Les situations d'allégation d'agressions sexuelles dans le cadre de séparations parentales sont de plus en plus fréquentes et difficiles. L'interprétation anxieuse du comportement au retour le dimanche soir ou la confusion avec soin intime nécessaires et agressions peuvent amener à des investigations répétées et traumatisantes .Il existe aussi dans les mêmes situations des réelles agressions sexuelles . [4-6]
Il n'existe pas de moyen d'aide instrumentale à l'évaluation de l'enfant de moins de trois ans .Aucun texte projectif ne permet d'affirmation de l'agression sexuelle [12]. L'utilisation de poupées sexuées est très controversée : à déconseiller dans l'évaluation pour Yuille [11] , utilisables avec beaucoup de précautions d'interprétation et par des experts pour August[13].
Plus encore que pour les enfants plus grands il est rare avant trois ans d'obtenir une parole directe ou un signe comportemental spécifique mais « cet enfant donne à voir et à entendre quelque chose de grave qui le préoccupe »[15] et on doit évoquer la possibilité d'une agression sexuelle.

Les anomalies cliniques
L'examen clinique de l'enfant dans les circonstances d'abus sexuel est quelque soit l'âge difficile pour l'enfant . Son interprétation demande une expertise ce qui évitera d'intolérables répétitions [15].Les fausses interprétations sont fréquentes particulièrement chez le petit enfant.
Cet examen aboutit rarement à des constats d'anomalies. Il est très attendu par les services sociaux ou juridiques pour apporter une preuve objective de l'agression sexuelle. Le travail de Heger analyse avec une méthodologie rigoureuse 2384 dossiers d'enfant et montre que des anomalies cliniques ne sont retrouvées que dans 4% des cas [16].
La consultation s'inscrit dans le cadre d'un examen pédiatrique complet et doit ressembler le plus possible aux consultations habituelles. Elle a plusieurs buts : médico-légal mais aussi de dépister une maladie sexuellement transmissible et de rassurer l'enfant et sa famille sur la normalité du corps ce qui participe au processus de réparation [1].
L'examen peut être vécu par l'enfant comme une deuxième agression s'il n'est pas fait dans des conditions satisfaisantes . Les explications sont nécessaires même à cet âge .On doit utiliser un vocabulaire adapté à l'âge de l'enfant et s'enquérir auprès des parents des mots utilisés pour désigner les parties génitales [5].
L'examen est effectué à cet âge en présence d'un parent non suspecté et d'un autre intervenant . Dans notre expérience le médecin ne doit jamais examiner l'enfant seul. Ceci rejoint les conditions générales d'accueil sur lesquelles nous reviendrons.
L'aide instrumentale à l'examen génital a été discutée : aide d'un colposcope pédiatrique pour améliorer les performances de l'examen ou examen simple Špour certains utilisation systématique d'un vidéo colposcope permettant la discussion des lésions retrouvées .L'aide instrumentale nécessite une expertise[16 ­18]
A cet âge l'examen est plus souvent accepté comme un complément de l'examen pédiatrique global et ne nécessite pas de sédation.
L'urgence de l'examen fait toujours l'objet de discussion .Elle est indiscutable si l'abus date de moins de 48 heures .Entre trois et 15 jours l'examen doit être rapide . Au delà de 15 jours l'examen peut être différé .[ 5]
L'examen physique ne peut être séparé de l'histoire de l'enfant .Les réactions verbales ou les attitudes de l'enfant pendant l'examen seront attentivement notées. Les enfants donnent parfois des informations additionnelles lors de l'examen des organes génitaux [1].

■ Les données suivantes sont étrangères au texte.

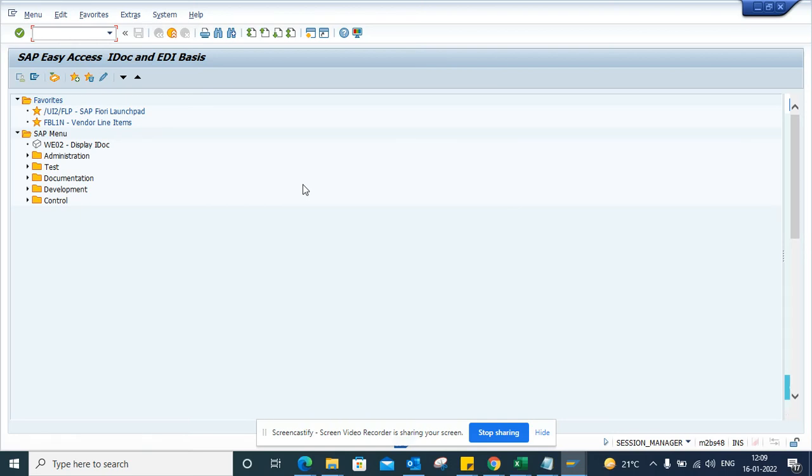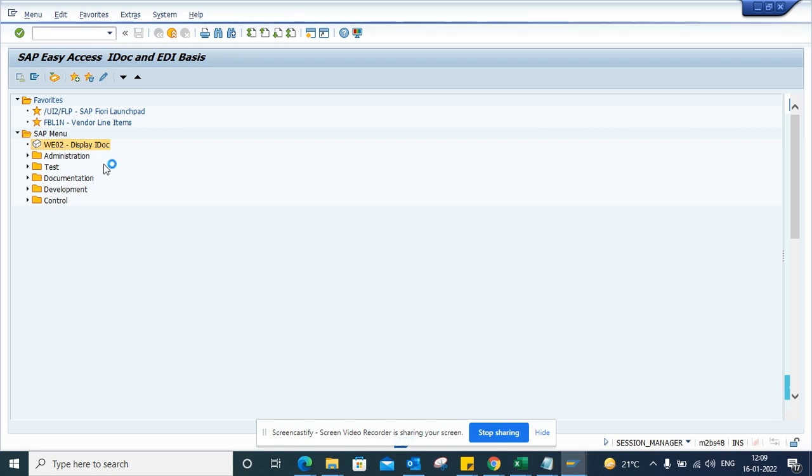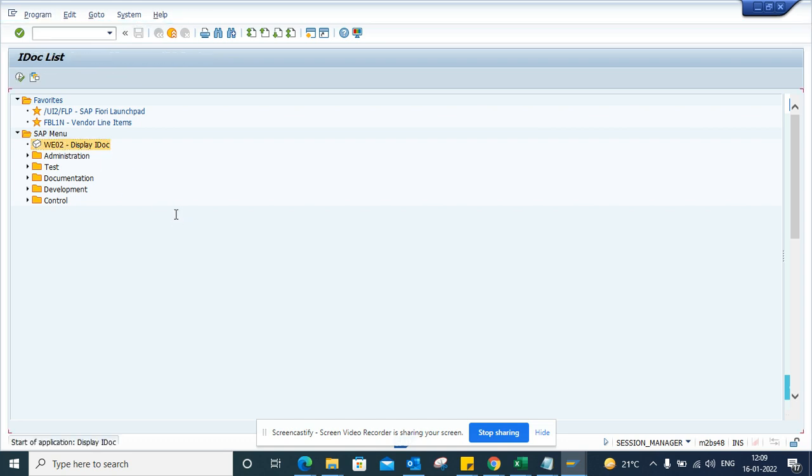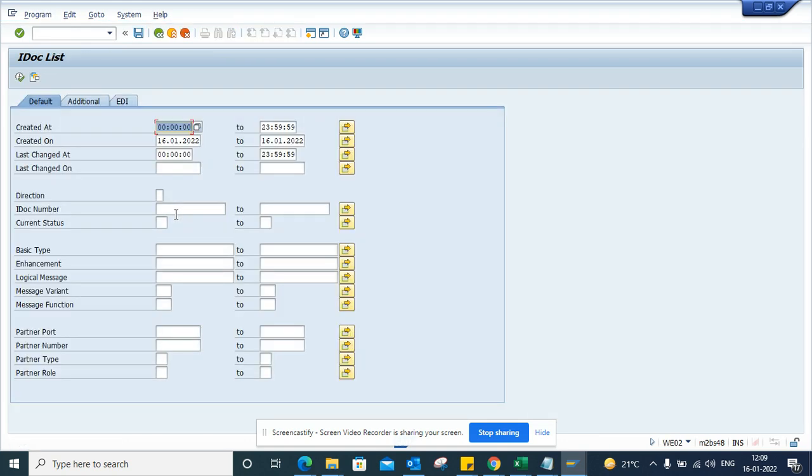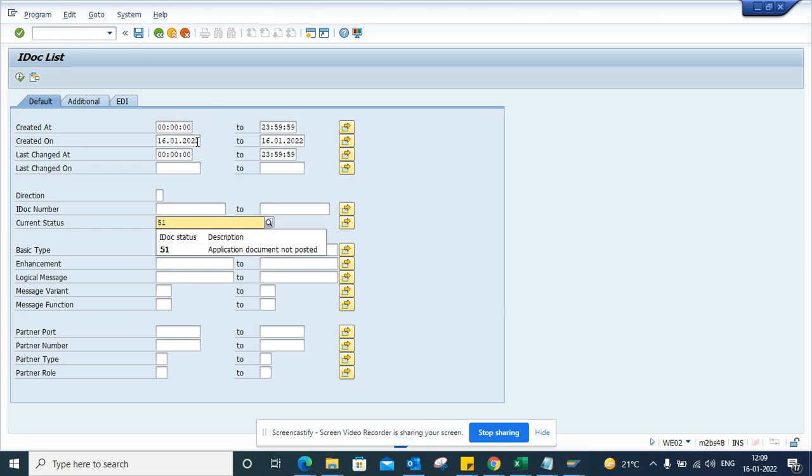Hi friends, now we're going to talk about how we can find IDocs that are in error. This is the transaction WE02. Here you go. Once you go here, you just need to select status 51, and suppose I want to select IDocs that are in error from this time frame.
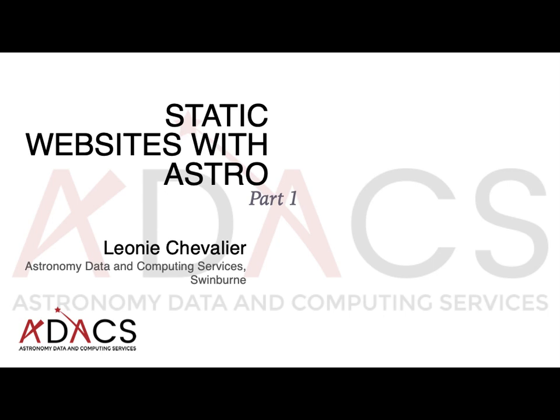Welcome to this ADACS webinar. My name is Leonie Chevalier and I belong to the Swinburne node of ADACS. In this video, I am going to go over how to build a static website using Astro.js.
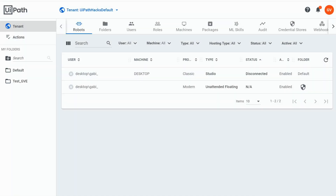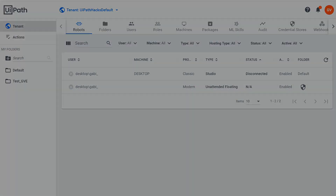Hi guys, Gabi from YourPathHacks here. Last week I had to delete some packages from Orchestrator and I was surprised not to be able to find the delete button where I had expected it to be. So I'm making this quick video to hopefully shorten your search for the button if you ever need to delete some packages from Orchestrator as well.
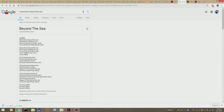Somewhere beyond the sea, somewhere waiting for me,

Les constats cliniques peuvent être de trois types
- anomalies cliniques générales
- anomalies périnéales génitales ou anales
- maladies sexuellement transmissibles malgré l'âge ou vulvite suspecte

Les anomalies cliniques générales recherchées par l'examen clinique complet sont des signes traumatiques hors zones génitales traduisant l'association de maltraitance physique associée ou la contention pendant l'agression sexuelle
( hématome des épaules, trace de contention sur les membres, etc..) ou lésion muqueuse buccale.

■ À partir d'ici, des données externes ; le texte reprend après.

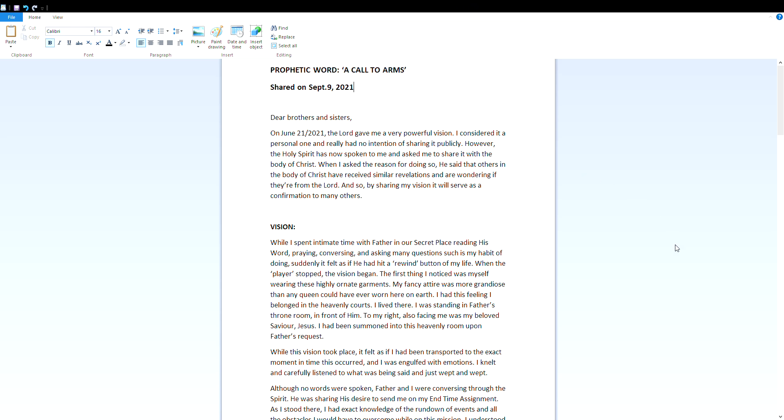Prophetic Word: A Call to Arms, shared on September 9th, 2021. Dear brothers and sisters, on June 21st, 2021, the Lord gave me a very powerful vision. I considered it a personal one and really had no intention of sharing it publicly. However, the Holy Spirit has now spoken to me and asked me to share it with the body of Christ. When I asked the reason for doing so, he said that others in the body of Christ have received similar revelations and are wondering if they are from the Lord. And so by sharing my vision, it will serve as a confirmation to many others.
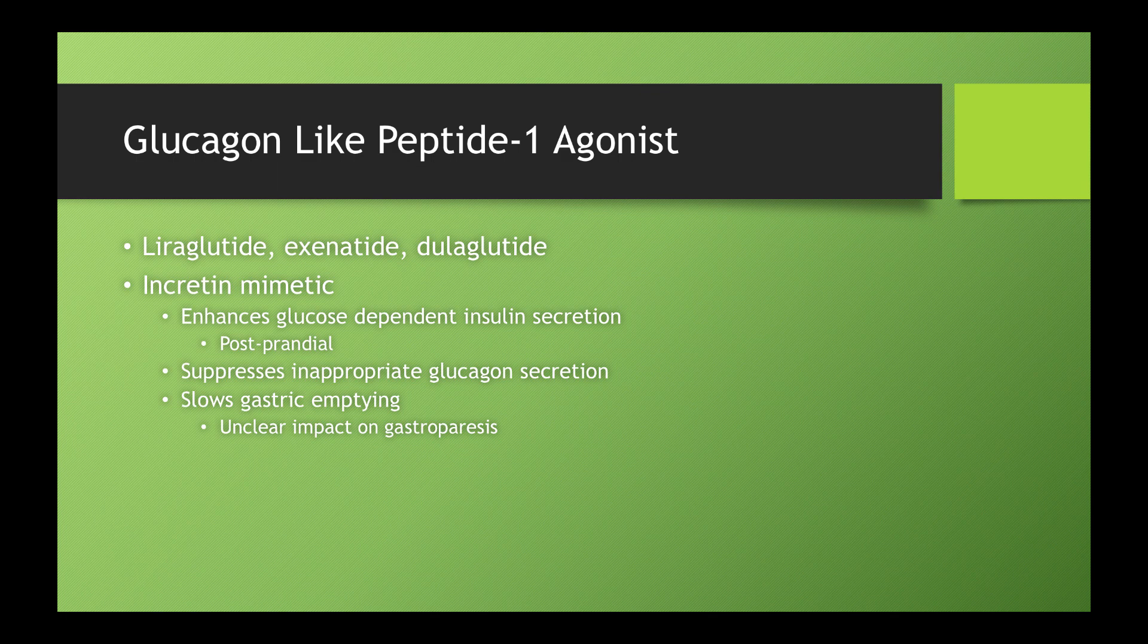They're going to hopefully help bring those down. It also suppresses inappropriate glucose secretion and slows gastric emptying. So kind of two important points with that mechanism of slowing gastric emptying.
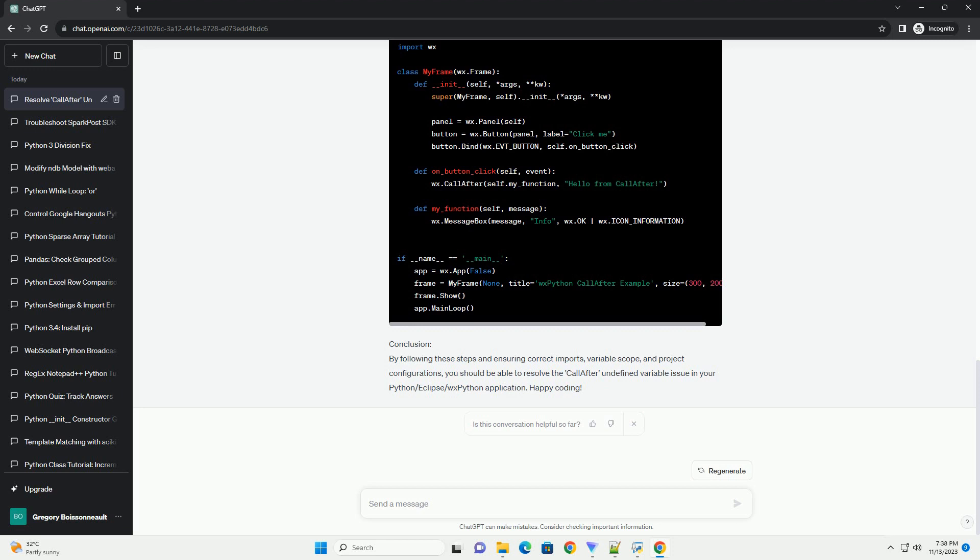Conclusion. By following these steps and ensuring correct imports, variable scope, and project configurations, you should be able to resolve the call-after undefined variable issue in your Python/Eclipse/WXPython application. Happy coding!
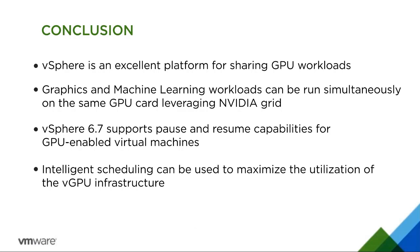This concludes the video on optimizing GPU usage with vSphere. Thank you.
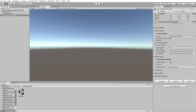That will be it for this video. In the next video we will be going over the tree settings, water settings, detail object settings, and possibly the buttons. In the video after that, I will be going over the new Height Map Wizard where you can import and export height maps to your terrain.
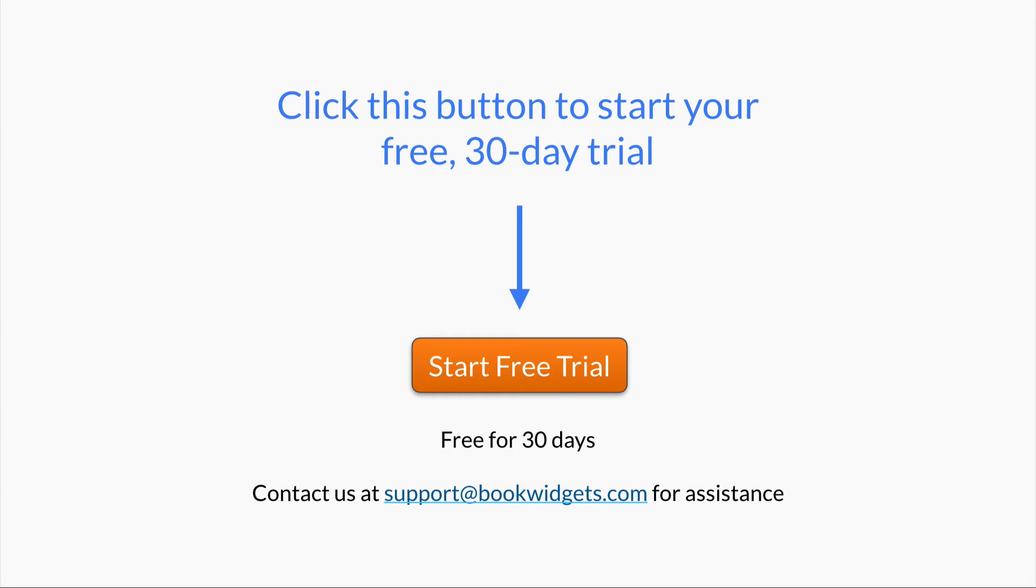There are many step-by-step tutorials available or contact us anytime at support at bookwidgets.com. We're happy to help!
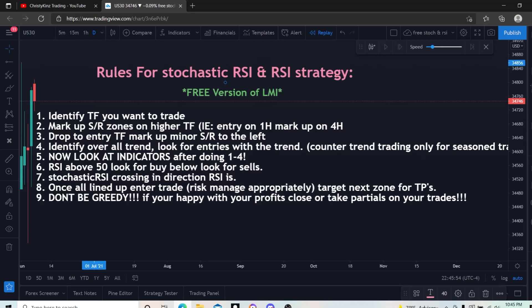Rule six: RSI. We can finally put on your indicators. It's just standard settings, but we do change the levels — we change to 50 and 50. Your 70 and 30 that it comes standard with, we're going to change those to 50 and 50. I'll show you that in the video. Then stochastic RSI crossing in the direction that the RSI is telling you to go, also standard settings. Once they all line up, you can enter your trade.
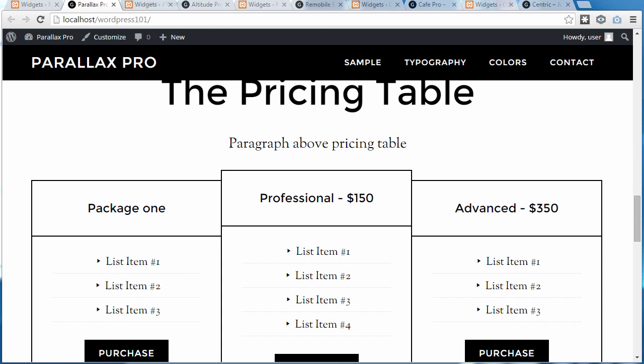Several StudioPress themes have pricing tables. If you bought a StudioPress theme, you can find this code in the Setup section of your account. If someone set up the theme for you, the code might already be in place.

Les anomalies génitales se recherchent chez la fillette de cet âge en position de décubitus dorsal dans l'attitude dite de la grenouille [5-17].L'enfant de moins de trois ans peut être examiné également assis ou couché sur les genoux d'un accompagnant [5].On observe sans toucher et sans douleur. Des notions précises sur les caractères normaux et les variations anatomiques doivent être connues de l'examinateur.[5-19].Avant trois ans par exemple l'hymen est souvent denticulé avec rebords renflés et épais [5]. Deux man¦uvres simples de séparation traction permettent de bien visualiser l'hymen et la vulve[20]. Les anomalies permettant d'évoquer une agression sexuelle sont semblables aux enfants prépubères[5].
Les organes génitaux des garçons sont examinés par simple inpection.

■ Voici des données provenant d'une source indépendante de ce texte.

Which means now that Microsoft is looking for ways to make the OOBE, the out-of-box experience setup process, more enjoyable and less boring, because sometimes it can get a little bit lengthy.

Les anomalies anales sont recherchées par examen en décubitus dorsal chez le nourrisson ou en procubitus de 18 mois à 2 ans [20].On distinguera par l'examen simple les fissures anales suspectes d'agression des fissures liées aux constipations fréquentes à cet âge et toujours sagittales. L'interprétation des dilatations anales est difficile . La pratiques d'un toucher rectal ,d'une anuscopie voire d'une échographie sont parfois conseillées [17] . Ce ne sont pas des examens anodins dans ce contexte et leurs indications doivent être discutées .

Les maladies sexuellement transmissibles et les vulvites sont parfois des éléments révélateurs des abus sexuels .
Les vulvites sont fréquentes et souvent banales chez la petite fille. Elles sont suspectes par leur répétition , s'il existe un contexte particulier ou si l'on isole un germe de transmission sexuelle. [3-5]
L'analyse des maladies sexuellement transmissibles se fait en fonction de l'âge. La transmission de certains germes est parfois maternofoetale.
On doit suspecter une transmission sexuelle devant
- une gonorrhée après un an
- de trichomonas après 1 an
- d'herpès de type II en dehors de la période néonatale
La présence de Chlamydia , de condylomes à papillomavirus est possible dans cette tranche d'âge par transmission maternofoetale . L'interprétation des sérologies HIV , d'hépatite B , d'hépatite C doit se faire en fonction des sérologies maternelles.[3-5-20-21]
Des prélèvements vaginaux et sanguins sont souvent nécessaires. Ils se font dans les mêmes conditions qu'aux autre âges de la vie. La encore la préparation de l'enfant est nécessaire .L'utilisation d'une analgésie locale pour les prélèvements sanguins est indispensable.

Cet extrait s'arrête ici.